WORK TO BE COMPLETED - Would you return exactly the lines below from the line with "Hey everyone. I" through the line with "And then this", both included, and nothing else, leaving out the pictures?
(DATA RECORDS Opens)
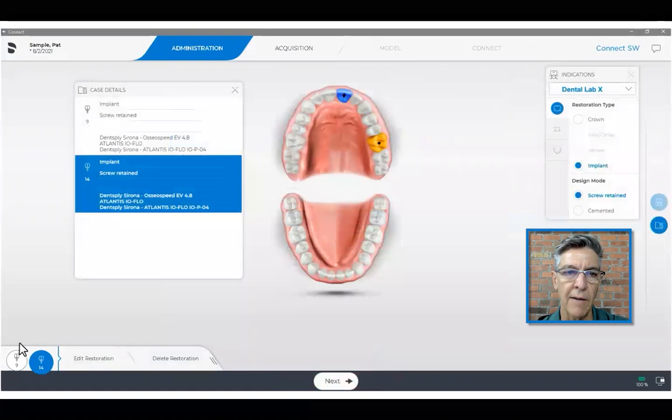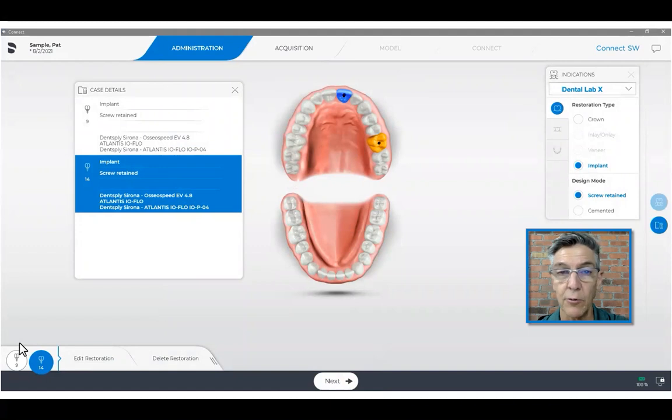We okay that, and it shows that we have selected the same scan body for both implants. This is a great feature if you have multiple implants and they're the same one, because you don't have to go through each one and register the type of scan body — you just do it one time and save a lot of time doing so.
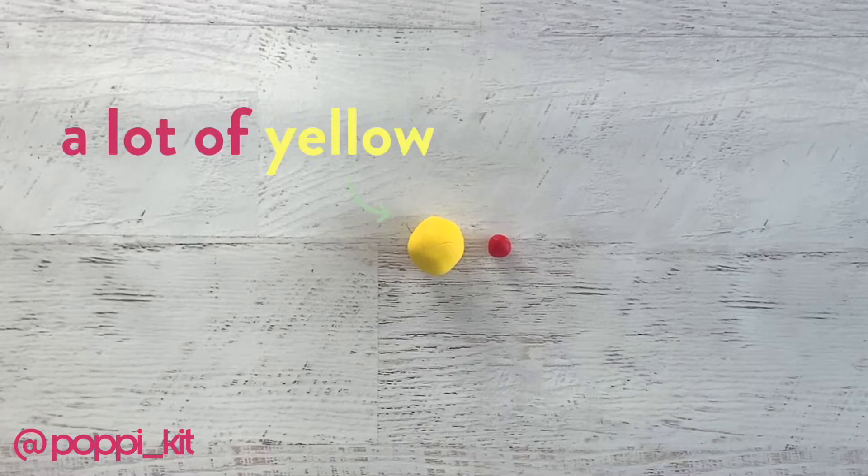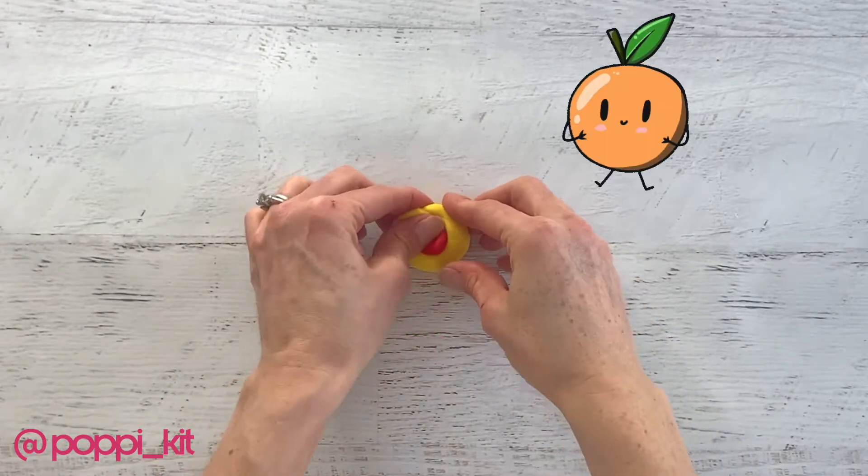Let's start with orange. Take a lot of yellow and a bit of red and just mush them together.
(DATA RECORDS Closes)
(DATA RECORDS Opens)
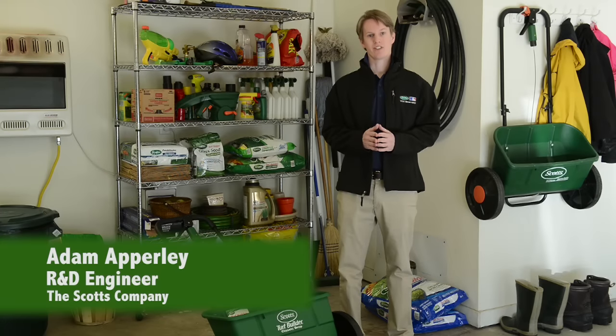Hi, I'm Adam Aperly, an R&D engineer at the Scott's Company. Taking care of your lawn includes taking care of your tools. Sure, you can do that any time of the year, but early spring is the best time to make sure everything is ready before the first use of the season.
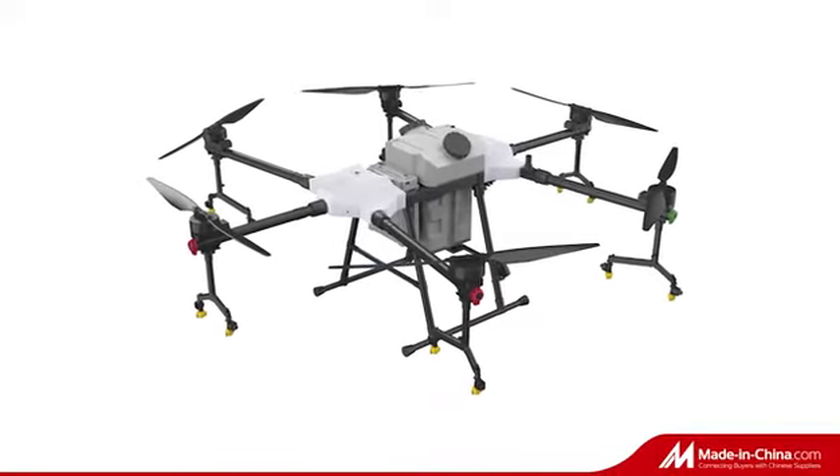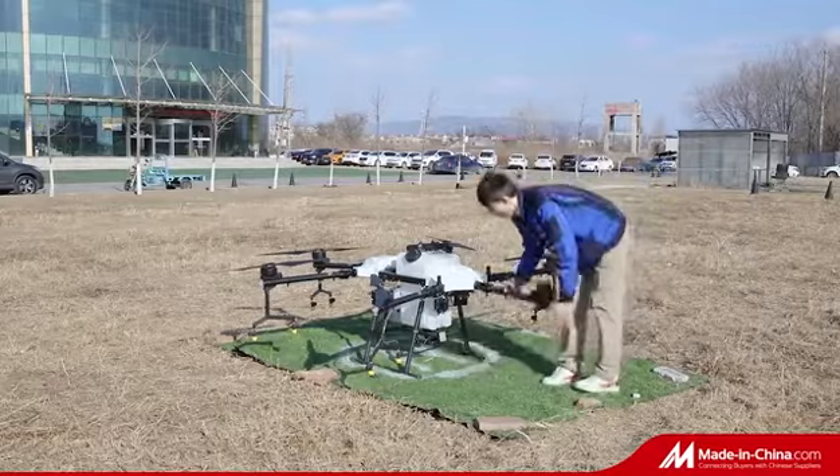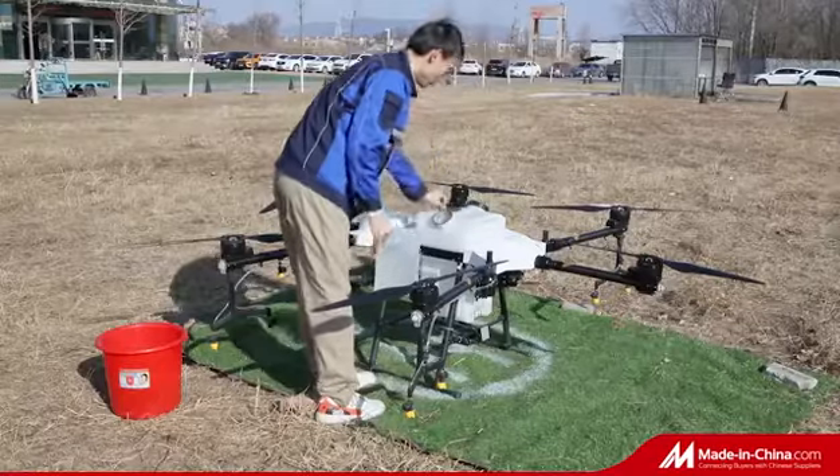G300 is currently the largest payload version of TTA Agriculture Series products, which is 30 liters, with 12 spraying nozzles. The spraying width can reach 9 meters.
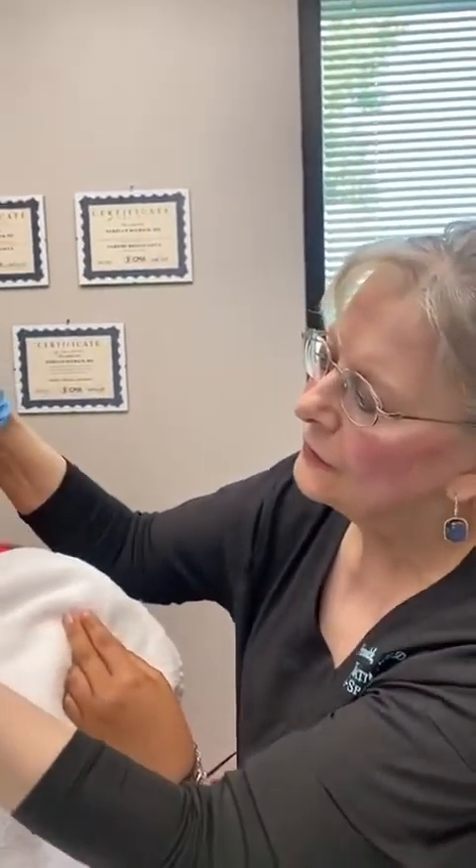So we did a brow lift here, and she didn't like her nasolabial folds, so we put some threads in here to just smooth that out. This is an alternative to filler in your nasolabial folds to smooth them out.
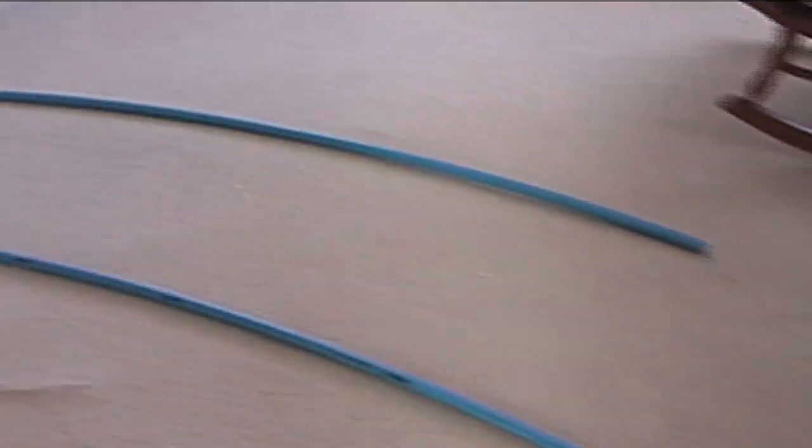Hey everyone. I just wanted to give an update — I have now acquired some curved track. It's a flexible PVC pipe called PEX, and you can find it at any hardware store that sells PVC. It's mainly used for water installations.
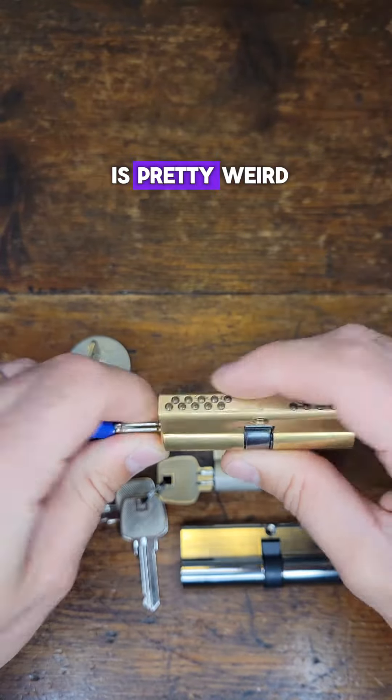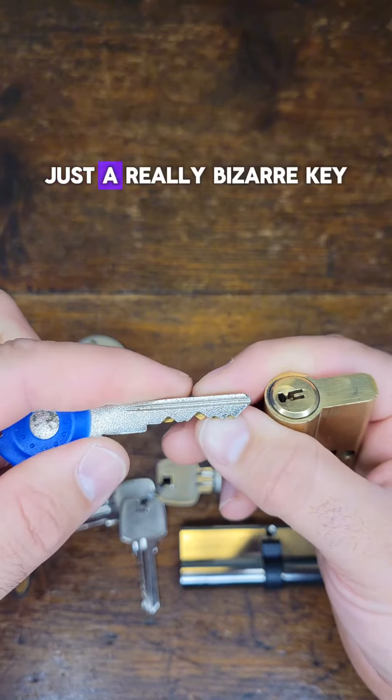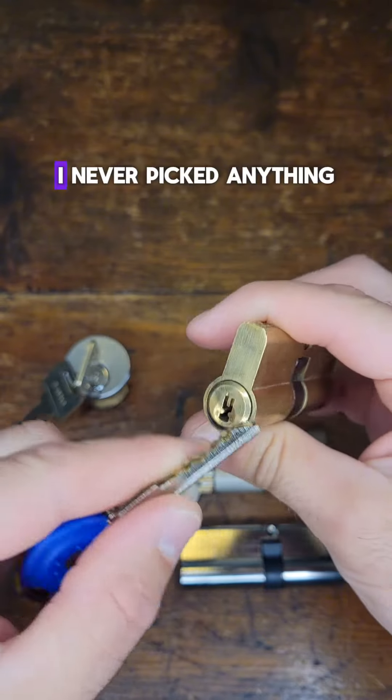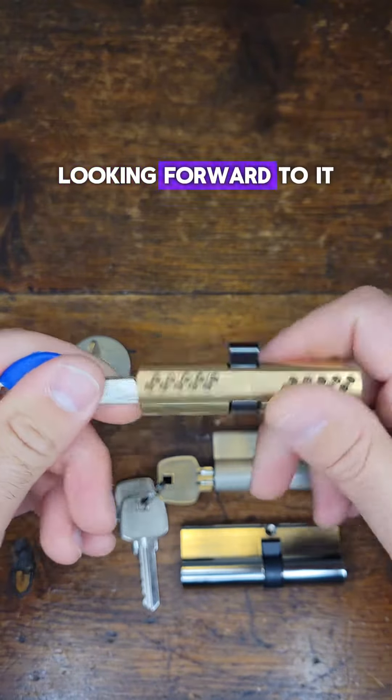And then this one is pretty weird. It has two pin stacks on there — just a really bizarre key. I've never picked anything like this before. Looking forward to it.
(DATA RECORDS Closes)
ANSWER FOR THIS EXERCISE -
Hey everyone. I just wanted to give an update — I have now acquired some curved track. It's a flexible PVC pipe called PEX, and you can find it at any hardware store that sells PVC. It's mainly used for water installations.
And then this one is pretty weird. It has two pin stacks on there — just a really bizarre key. I've never picked anything like this before. Looking forward to it.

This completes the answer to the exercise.